Importantly, Oracle didn't actually lock their account. And even more
importantly, AFAIU this guy was an employee.

For these and some other technical reasons (I haven't read the case but likely
part of it may be related to the jury instructions), the question to be
answered by the court really comes down to whether violation of Terms of
Service alone suffices to meet the "without authorization" prong of the
criminal statute.

If the answer is no then the case goes back to trial. The defendant doesn't
get a free pass, it's just that the prosecution will have a slightly higher
burden to overcome in showing lack of authorization.
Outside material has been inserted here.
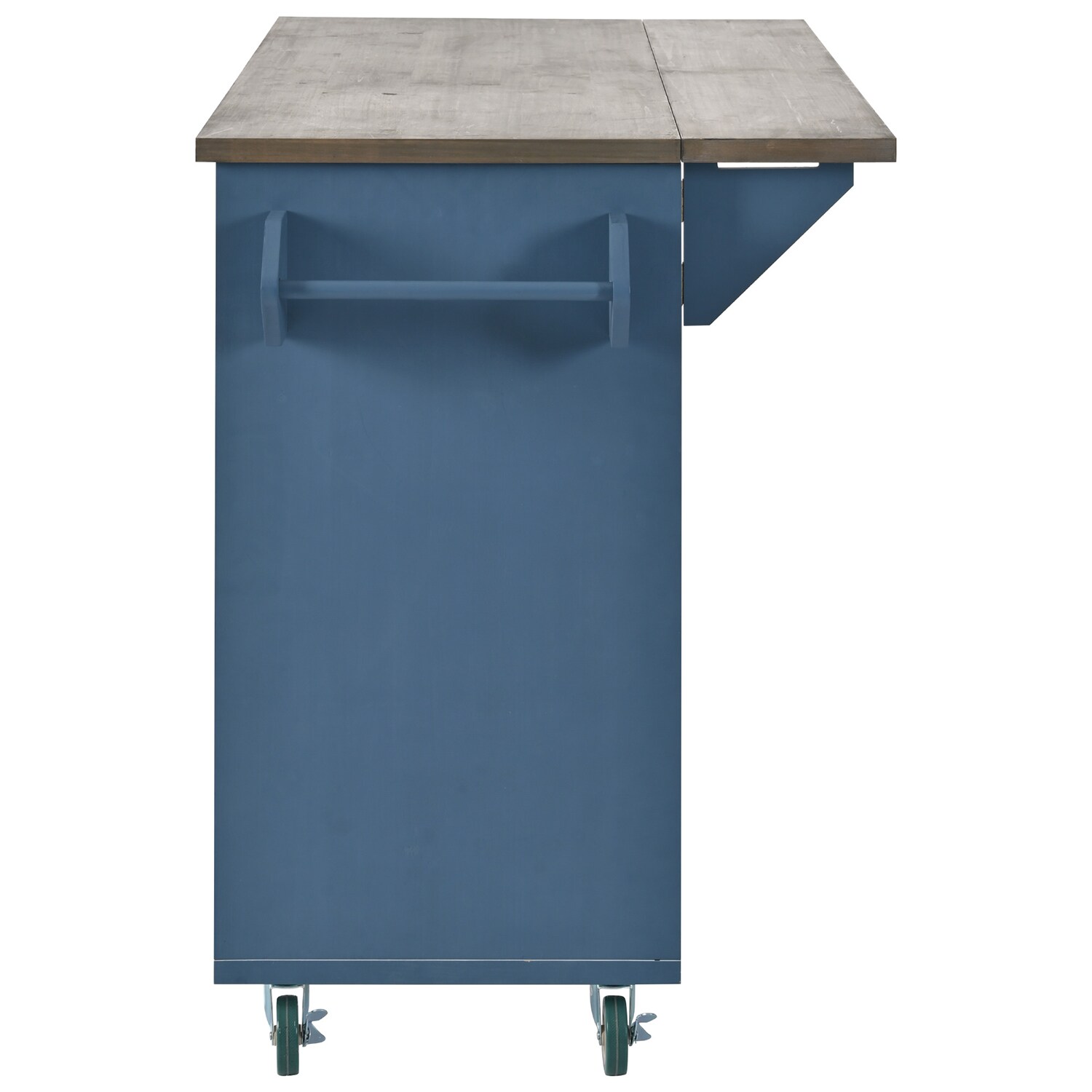 Bybafun Blue MDF Base with MDF Wood Top Rolling Kitchen Cart (25.7-in x 51.6-in x 36.7-in) | YB2600081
Higher in the sense that
the burden involves taking into consideration other factors than merely
boilerplate policies and notices.

Another way to look at it is, say your boss tells you that you must leave the
office at 5PM sharp, and that nobody is allowed to log into corporate accounts
after 5PM. This policy is also displayed from /etc/motd everytime you login.
You occasionally stay at work late some evenings, accessing the corporate
accounts in a typical fashion. One day you're accused of doing something
nefarious--maybe you were, maybe you weren't. Is your working after 5PM a
prima facie showing that your access was unauthorized? That is, do all they
have to show is that corporate policy was not to login at 5PM? Is it rebuttal?
Does it matter whether your boss communicated this to you personally?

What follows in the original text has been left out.